Recognition: unknown
Parallax: Why AI Agents That Think Must Never Act
Pith reviewed 2026-05-10 15:08 UTC · model grok-4.3
The pith
AI agents require structural separation between reasoning and execution to remain secure even when the reasoning process is fully compromised.
A machine-rendered reading of the paper's core claim, the machinery that carries it, and where it could break.
Core claim
When the reasoning system is compromised, prompt-level guardrails provide zero protection because they exist only within the compromised system; Parallax's architectural boundary holds regardless. The boundary is created by Cognitive-Executive Separation that prevents the reasoning module from executing actions, Adversarial Validation with Graduated Determinism that interposes an independent multi-tiered checker, Information Flow Control that propagates sensitivity labels to catch context-dependent threats, and Reversible Execution that preserves pre-action state for rollback. In the OpenParallax Go reference implementation, Assume-Compromise Evaluation across 280 adversarial cases in nine攻击
What carries the argument
Cognitive-Executive Separation, which structurally prevents the reasoning system from executing actions and requires every action to pass through an independent validator before any change occurs.
Load-bearing premise
The validator, sensitivity labels, and rollback mechanisms stay independent and uncompromised even when an adversary completely controls the reasoning component.
What would settle it
Replace the reasoning module with fully adversarial code that attempts to issue a destructive command such as deleting files or exfiltrating data; if the validator permits the action to complete, the claim that the architectural boundary survives reasoning compromise is falsified.
Figures
read the original abstract
Autonomous AI agents are rapidly transitioning from experimental tools to operational infrastructure, with projections that 80% of enterprise applications will embed AI copilots by the end of 2026. As agents gain the ability to execute real-world actions (reading files, running commands, making network requests, modifying databases), a fundamental security gap has emerged. The dominant approach to agent safety relies on prompt-level guardrails: natural language instructions that operate at the same abstraction level as the threats they attempt to mitigate. This paper argues that prompt-based safety is architecturally insufficient for agents with execution capability and introduces Parallax, a paradigm for safe autonomous AI execution grounded in four principles: Cognitive-Executive Separation, which structurally prevents the reasoning system from executing actions; Adversarial Validation with Graduated Determinism, which interposes an independent, multi-tiered validator between reasoning and execution; Information Flow Control, which propagates data sensitivity labels through agent workflows to detect context-dependent threats; and Reversible Execution, which captures pre-destructive state to enable rollback when validation fails. We present OpenParallax, an open-source reference implementation in Go, and evaluate it using Assume-Compromise Evaluation, a methodology that bypasses the reasoning system entirely to test the architectural boundary under full agent compromise. Across 280 adversarial test cases in nine attack categories, Parallax blocks 98.9% of attacks with zero false positives under its default configuration, and 100% of attacks under its maximum-security configuration. When the reasoning system is compromised, prompt-level guardrails provide zero protection because they exist only within the compromised system; Parallax's architectural boundary holds regardless.
Editorial analysis
A structured set of objections, weighed in public.
Referee Report
Summary. The paper claims that prompt-level guardrails are architecturally insufficient for AI agents with real-world execution capabilities because they reside within the same system that can be compromised. It introduces Parallax, an architecture based on four principles—Cognitive-Executive Separation, Adversarial Validation with Graduated Determinism, Information Flow Control, and Reversible Execution—along with an open-source Go reference implementation (OpenParallax). Using Assume-Compromise Evaluation that bypasses the reasoning system, the work reports 98.9% attack blocking across 280 test cases in nine categories with zero false positives under default configuration (and 100% under maximum-security configuration), arguing that the architectural boundary holds even under full compromise of the reasoning component.

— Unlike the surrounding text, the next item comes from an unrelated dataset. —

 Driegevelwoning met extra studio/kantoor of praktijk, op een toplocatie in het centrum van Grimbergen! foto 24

Significance. If the independence of the validator, label propagation, and rollback mechanisms can be rigorously established, this work offers a substantive alternative to prompt-based safety for autonomous agents by shifting to structural isolation. The open-source reference implementation and the Assume-Compromise Evaluation methodology are explicit strengths that support reproducibility and allow independent scrutiny of the claimed separation.
major comments (1)
- [Evaluation / Assume-Compromise Evaluation] Evaluation / Assume-Compromise Evaluation: The central claim that Parallax's boundary holds 'regardless' of reasoning-system compromise rests on the validator, information-flow labels, and rollback logic remaining independent and uncompromised. The evaluation bypasses the reasoner by construction and reports 98.9% blocking with zero false positives, but provides no isolation proof, enumeration of entry points (shared state, IPC, file descriptors, environment variables, or database connections), or test that the validator itself cannot be reached or influenced by a compromised reasoner. This assumption is load-bearing; without it the reported figures only confirm behavior under the maintained assumption rather than validating the assumption.
minor comments (2)
- [Abstract] Abstract: The abstract states the 98.9% blocking result and zero false positives but supplies no methodology details, test-case definitions, attack-category specifications, or error analysis, which limits immediate assessment of evaluation soundness.

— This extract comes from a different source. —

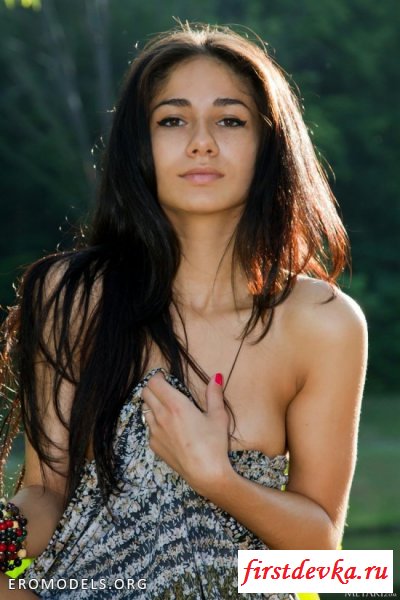 Молодая брюнетка на даче.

- The manuscript would benefit from explicit discussion of how the four principles interact under partial rather than total compromise scenarios.
Simulated Author's Rebuttal
We thank the referee for the constructive feedback and for highlighting the strengths of the Assume-Compromise Evaluation and open-source implementation. We address the major comment on validating the architectural boundary below. We agree that the independence of the validator is a load-bearing assumption and will revise the manuscript to provide greater clarity and implementation details on this point.
read point-by-point responses
-
Referee: The central claim that Parallax's boundary holds 'regardless' of reasoning-system compromise rests on the validator, information-flow labels, and rollback logic remaining independent and uncompromised. The evaluation bypasses the reasoner by construction and reports 98.9% blocking with zero false positives, but provides no isolation proof, enumeration of entry points (shared state, IPC, file descriptors, environment variables, or database connections), or test that the validator itself cannot be reached or influenced by a compromised reasoner. This assumption is load-bearing; without it the reported figures only confirm behavior under the maintained assumption rather than validating the assumption.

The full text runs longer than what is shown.